Slovene corpus summarizer

Help

Korpusnik is a tool that summarizes statistical and textual data from five corpora of the Slovenian language. Each corpus has a separate tab in the tool: -- Standard Slovene: Gigafida 2.0 reference corpus of written standard Slovenian (1.3 billion tokens, texts from 1990-2018). -- Trending Slovene: the Trendi monitor corpus, which is updated monthly and draws texts from online media portals. Contains texts from 2019 to present. -- Academic Slovene: the corpus of academic Slovene OSS 1.0 (3.2 billion words) contains more than 150,000 scientific texts from the National Open Science Portal. -- Internet Slovene: the JANES 1.0 Internet Slovene corpus (more than 252 million tokens) contains texts from Slovenian social networks (blogs, comments on news, tweets). -- Spoken Slovene: the Gos 2.0 reference corpus of spoken Slovene (2.5 million tokens) contains approximately 300 hours of speech.

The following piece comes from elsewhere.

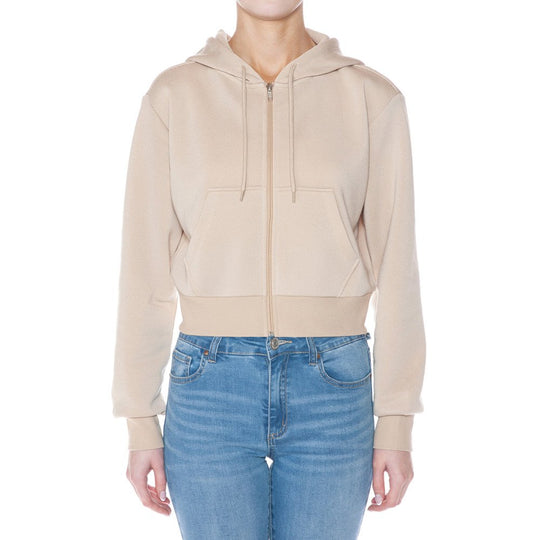 Chamarra corta estilo sudadera con capucha, confeccionada con un tejido de textura afelpada tipo borrego muy suave al tacto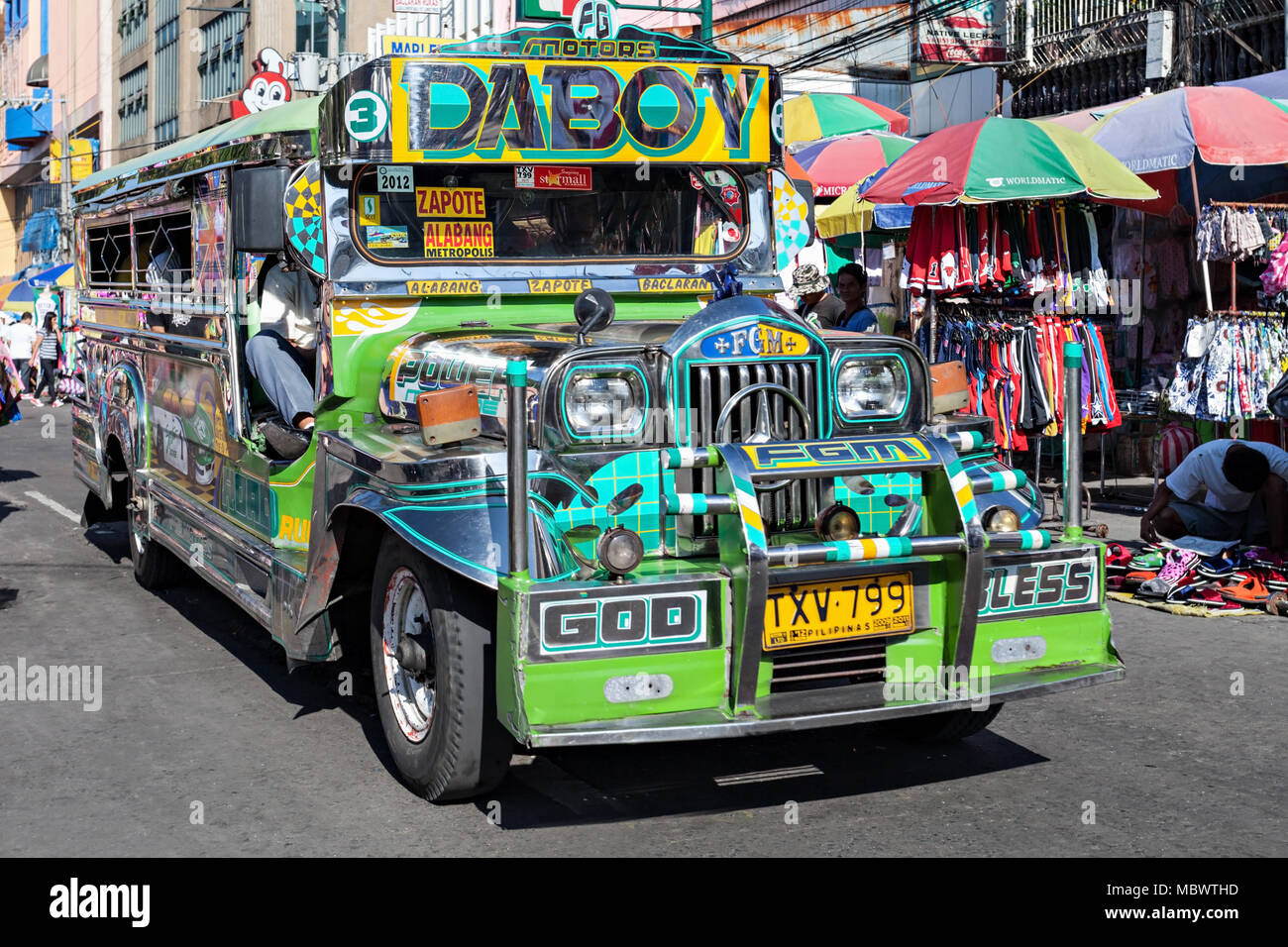 Manille, Philippines - Le 17 Mars : sur rue à Manille Jeepney, Mars 17, 2013, Manille, Philippines. Jeepney est un transport public plus populaires sur Philip Banque D'Images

In addition to the aforementioned five tabs, the Korpusnik also has a special Highlights tab, which the user sees first and where the main characteristics of the searched word from all five corpora are presented. An important functionality of the tool is the semi-automatically generated Main Points, which summarize the most relevant aspects of the results presented on each tab. Templates are “triggered” based on a specific result. Similarly, a description of each chart is semi-automatically generated, containing a summary of the data on the screen and available by clicking on the Description button.